Kosiur did not respond to a request for comment.
McCarthy said when he submits his proposed budget to the council, what he’s submitting is “a policy document.”
But when council members have done their review of his proposal in previous budget cycles, it has not dug deep enough into the intent behind the numbers, he said.
“I think two years ago, the council spent 23 minutes on the Police and Fire departments,” McCarthy said. “That’s not an analysis on a policy document.”
Polimeni’s proposal garnered praise from some council members.
Councilwoman Karen Zalewski-Wildzunas said she liked the idea. She said giving questions to department heads before they meet with council members could make the process more efficient.
In the past, she said, council members would ask questions without getting answers right away.
“It’s helpful for the department heads to have information ahead of time for whatever questions, so they’re prepared when they come to the meeting instead of saying, ‘Let me get back to you,’ ” Zalewski-Wildzunas said.
Councilman John Mootooveren agreed with Polimeni that council members need to do a more in-depth analysis.
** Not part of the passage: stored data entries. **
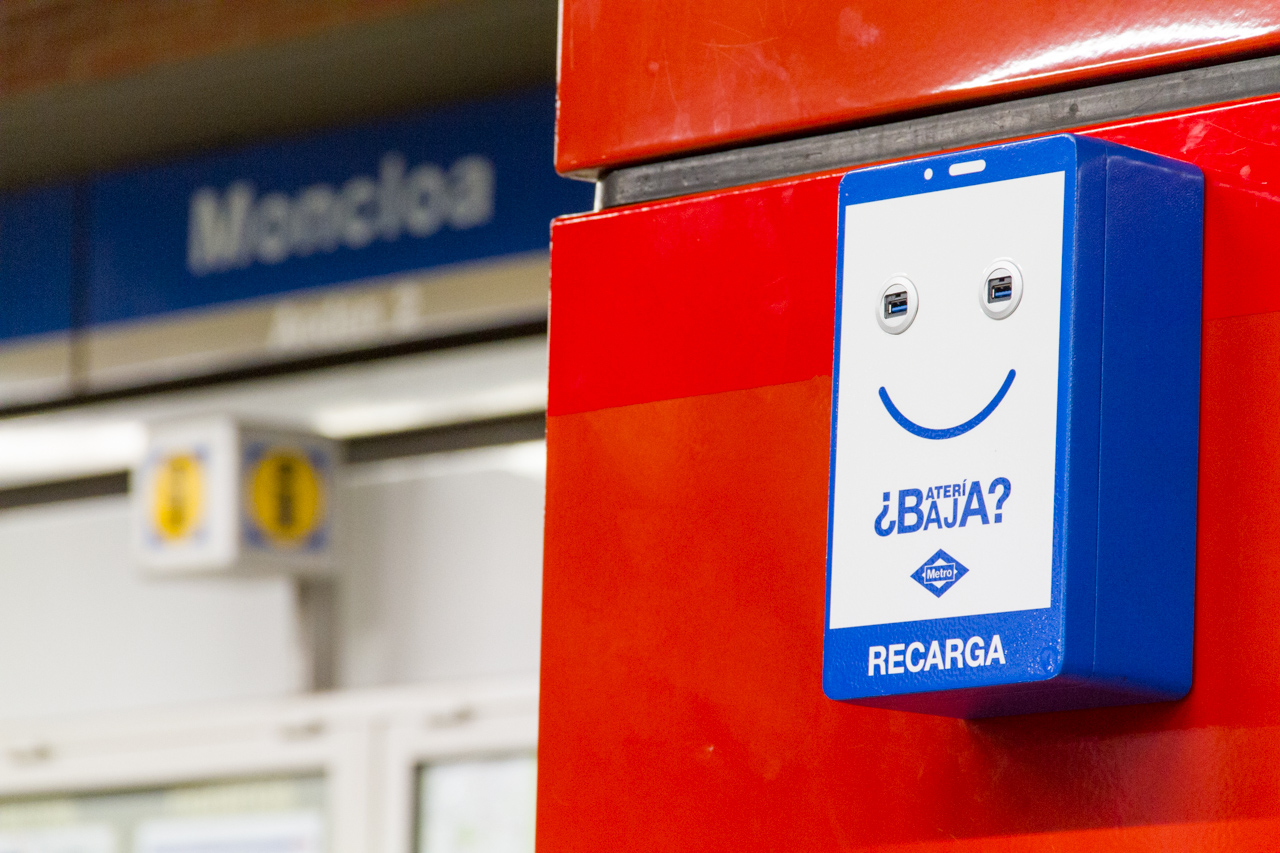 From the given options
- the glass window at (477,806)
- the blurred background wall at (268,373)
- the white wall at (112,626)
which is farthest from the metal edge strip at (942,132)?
the white wall at (112,626)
“We’ve been discussing for several years to move away from what we call ‘audit budgeting,’” Mootooveren said. “We tend to audit the budget instead of doing performance budgeting.”
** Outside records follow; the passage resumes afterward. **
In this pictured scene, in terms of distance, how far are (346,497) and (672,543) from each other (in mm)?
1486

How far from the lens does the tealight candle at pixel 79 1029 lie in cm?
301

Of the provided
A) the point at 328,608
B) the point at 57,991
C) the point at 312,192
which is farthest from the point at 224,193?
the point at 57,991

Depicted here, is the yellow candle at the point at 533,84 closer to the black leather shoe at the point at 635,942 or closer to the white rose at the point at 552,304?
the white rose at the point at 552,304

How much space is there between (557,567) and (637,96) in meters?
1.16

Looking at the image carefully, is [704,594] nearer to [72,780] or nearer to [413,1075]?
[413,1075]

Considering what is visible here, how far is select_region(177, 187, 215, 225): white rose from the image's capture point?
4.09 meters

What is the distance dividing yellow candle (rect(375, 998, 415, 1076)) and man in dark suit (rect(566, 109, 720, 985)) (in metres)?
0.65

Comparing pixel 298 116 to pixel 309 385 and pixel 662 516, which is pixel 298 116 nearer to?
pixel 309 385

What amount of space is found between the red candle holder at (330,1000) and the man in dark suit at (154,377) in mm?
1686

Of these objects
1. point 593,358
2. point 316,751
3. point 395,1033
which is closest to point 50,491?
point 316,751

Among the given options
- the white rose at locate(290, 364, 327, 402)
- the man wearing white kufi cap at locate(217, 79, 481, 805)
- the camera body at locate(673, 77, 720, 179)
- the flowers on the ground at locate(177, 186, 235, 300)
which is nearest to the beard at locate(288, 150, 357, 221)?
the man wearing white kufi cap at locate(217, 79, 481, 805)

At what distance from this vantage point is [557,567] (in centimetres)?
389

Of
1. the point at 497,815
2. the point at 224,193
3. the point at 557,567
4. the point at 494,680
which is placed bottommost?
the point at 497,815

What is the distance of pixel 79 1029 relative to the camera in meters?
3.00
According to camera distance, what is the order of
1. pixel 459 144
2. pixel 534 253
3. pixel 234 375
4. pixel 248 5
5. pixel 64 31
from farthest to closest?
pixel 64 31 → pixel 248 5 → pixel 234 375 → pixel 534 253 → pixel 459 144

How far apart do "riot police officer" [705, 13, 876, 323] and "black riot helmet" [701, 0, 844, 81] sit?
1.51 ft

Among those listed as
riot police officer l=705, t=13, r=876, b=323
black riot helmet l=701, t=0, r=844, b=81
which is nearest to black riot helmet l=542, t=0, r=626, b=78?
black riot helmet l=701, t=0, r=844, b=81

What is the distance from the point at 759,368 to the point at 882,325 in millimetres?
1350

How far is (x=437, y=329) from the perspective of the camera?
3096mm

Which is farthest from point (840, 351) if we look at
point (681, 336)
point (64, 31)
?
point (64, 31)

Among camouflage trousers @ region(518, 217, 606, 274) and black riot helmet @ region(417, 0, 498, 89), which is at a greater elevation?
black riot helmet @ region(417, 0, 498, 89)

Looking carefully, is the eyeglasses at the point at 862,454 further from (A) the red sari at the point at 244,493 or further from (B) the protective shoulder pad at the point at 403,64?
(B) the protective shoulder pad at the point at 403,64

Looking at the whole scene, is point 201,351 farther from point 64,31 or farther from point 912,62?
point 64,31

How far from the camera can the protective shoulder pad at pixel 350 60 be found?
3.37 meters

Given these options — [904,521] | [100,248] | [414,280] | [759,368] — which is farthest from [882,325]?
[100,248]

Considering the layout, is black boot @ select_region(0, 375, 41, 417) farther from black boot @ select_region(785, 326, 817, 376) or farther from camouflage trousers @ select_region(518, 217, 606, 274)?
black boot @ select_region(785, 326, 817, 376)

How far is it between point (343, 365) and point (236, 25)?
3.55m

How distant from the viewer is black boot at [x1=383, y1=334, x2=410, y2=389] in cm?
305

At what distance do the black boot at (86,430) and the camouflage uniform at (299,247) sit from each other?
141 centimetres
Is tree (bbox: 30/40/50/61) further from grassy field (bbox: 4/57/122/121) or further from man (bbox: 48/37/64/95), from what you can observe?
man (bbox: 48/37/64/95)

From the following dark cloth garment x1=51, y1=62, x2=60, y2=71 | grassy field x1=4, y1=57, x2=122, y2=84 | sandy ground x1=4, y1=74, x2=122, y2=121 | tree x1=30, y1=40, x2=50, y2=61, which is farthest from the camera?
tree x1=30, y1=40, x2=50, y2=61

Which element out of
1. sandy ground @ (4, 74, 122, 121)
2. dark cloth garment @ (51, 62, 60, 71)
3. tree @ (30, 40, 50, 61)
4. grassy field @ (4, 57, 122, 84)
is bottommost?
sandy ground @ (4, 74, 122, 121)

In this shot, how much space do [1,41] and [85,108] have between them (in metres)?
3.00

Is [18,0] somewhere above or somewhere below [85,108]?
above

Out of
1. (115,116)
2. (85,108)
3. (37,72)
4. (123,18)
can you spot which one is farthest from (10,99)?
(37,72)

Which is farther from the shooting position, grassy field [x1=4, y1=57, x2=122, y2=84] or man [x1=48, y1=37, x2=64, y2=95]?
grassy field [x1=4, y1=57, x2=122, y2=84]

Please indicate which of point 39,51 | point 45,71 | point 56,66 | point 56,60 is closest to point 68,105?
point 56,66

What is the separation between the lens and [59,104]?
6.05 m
For other council members, the proposed change was a little confusing, as they believe the budget process has included analysis for several budget cycles.
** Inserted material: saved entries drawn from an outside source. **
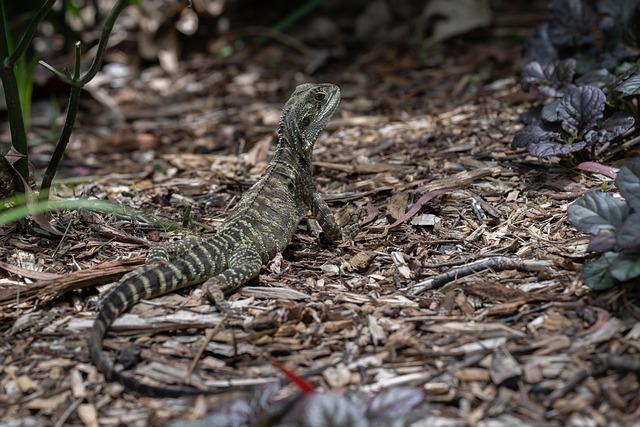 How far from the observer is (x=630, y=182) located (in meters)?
4.31

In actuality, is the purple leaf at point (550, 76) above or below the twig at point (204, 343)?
above

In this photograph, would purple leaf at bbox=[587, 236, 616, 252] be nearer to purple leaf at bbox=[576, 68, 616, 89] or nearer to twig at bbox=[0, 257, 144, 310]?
purple leaf at bbox=[576, 68, 616, 89]

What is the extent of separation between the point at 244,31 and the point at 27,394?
27.5ft

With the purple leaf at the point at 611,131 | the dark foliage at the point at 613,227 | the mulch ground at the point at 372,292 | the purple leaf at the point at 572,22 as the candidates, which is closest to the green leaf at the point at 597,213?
the dark foliage at the point at 613,227

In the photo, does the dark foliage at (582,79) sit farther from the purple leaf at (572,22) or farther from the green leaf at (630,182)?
the green leaf at (630,182)

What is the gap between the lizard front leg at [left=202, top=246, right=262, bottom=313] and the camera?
4.83 m

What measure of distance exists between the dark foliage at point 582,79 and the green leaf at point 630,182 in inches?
57.3

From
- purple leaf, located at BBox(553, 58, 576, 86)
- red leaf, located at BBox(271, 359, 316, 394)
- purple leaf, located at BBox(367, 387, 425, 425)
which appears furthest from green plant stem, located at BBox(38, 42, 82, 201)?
purple leaf, located at BBox(553, 58, 576, 86)

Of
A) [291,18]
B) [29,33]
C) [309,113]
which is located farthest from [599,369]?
[291,18]

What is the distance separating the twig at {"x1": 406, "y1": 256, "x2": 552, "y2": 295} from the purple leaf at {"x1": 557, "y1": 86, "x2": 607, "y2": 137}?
4.96 feet

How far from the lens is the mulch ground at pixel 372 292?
3.89 metres

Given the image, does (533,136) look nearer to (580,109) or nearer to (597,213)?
(580,109)

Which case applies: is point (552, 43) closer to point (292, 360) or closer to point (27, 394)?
point (292, 360)

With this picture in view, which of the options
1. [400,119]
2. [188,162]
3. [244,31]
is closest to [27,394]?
[188,162]
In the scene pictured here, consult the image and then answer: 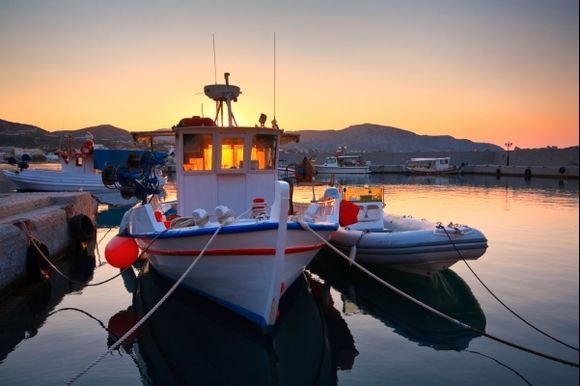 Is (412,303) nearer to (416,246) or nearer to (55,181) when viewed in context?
(416,246)

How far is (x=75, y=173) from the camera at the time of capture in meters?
34.1

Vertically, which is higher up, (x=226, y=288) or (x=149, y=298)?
(x=226, y=288)

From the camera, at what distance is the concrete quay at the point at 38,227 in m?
9.83

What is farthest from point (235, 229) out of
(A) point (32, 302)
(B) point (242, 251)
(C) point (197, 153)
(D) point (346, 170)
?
(D) point (346, 170)

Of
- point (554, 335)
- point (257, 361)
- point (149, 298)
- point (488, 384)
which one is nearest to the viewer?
point (488, 384)

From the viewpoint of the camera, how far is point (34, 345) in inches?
289

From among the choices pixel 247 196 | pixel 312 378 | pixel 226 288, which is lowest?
pixel 312 378

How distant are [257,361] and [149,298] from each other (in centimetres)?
420

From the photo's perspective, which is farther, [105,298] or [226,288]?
[105,298]

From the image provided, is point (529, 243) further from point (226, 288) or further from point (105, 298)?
point (105, 298)

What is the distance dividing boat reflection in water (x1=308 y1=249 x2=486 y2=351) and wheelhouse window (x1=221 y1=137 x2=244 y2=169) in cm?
385

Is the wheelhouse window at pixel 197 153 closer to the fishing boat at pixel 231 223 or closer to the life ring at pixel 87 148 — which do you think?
the fishing boat at pixel 231 223

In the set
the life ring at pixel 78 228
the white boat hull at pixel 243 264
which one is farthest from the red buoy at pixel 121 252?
the life ring at pixel 78 228

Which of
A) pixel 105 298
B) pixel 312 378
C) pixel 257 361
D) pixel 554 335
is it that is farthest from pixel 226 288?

“We go line by line, so, when a position comes up, we ask, ‘Why do you need the funding?’” independent Councilman Vince Riggi said. “Generally, that’s what you do.”
Councilwoman Leesa Perazzo said she takes the budget process very seriously. She said the council in the past has looked at the budget to see how the city can save money and increase revenue.
“I think [the budget process] is the single most important function of the council, as far as our oversight and how taxpayer money is used,” she said.
Councilwoman Marion Porterfield said she needs to hear more from Polimeni about what exactly he wants to change about the process. And while she said she is always open to improving the process, the fact that Polimeni wants to change the process came as news to her.
“I never heard it discussed at a committee meeting or discussed with me,” Porterfield said.
Porterfield did express some concern about giving department heads questions ahead of time. She said most of the questions she puts forth come from the report and the explanation she receives from department heads.
Polimeni said council members will still be able to ask questions of department heads during the budget meetings. But he wants to get some questions in advance, so they can be sent to the department heads before the meeting.
Perazzo still took issue with Polimeni’s comments that the change he is proposing could make the budget process more meaningful. She said the council always worked hard on the budget and did its due diligence to help relieve any tax burdens for city residents.
Except for last year; she said some of her colleagues simply “rubber stamped” McCarthy’s budget, instead of continuing to work on it and possibly reducing taxes by another percentage point.
“The fact of it is, I had several pages of suggestions of questions and information I wanted to follow on, and I didn’t get to have those,” Perazzo said of the most recent budget process. “It continued to be meaningful to me when it stopped being meaningful to others.”
When asked about Perazzo’s comments, Polimeni demurred.
“There’s nothing to respond to,” he said.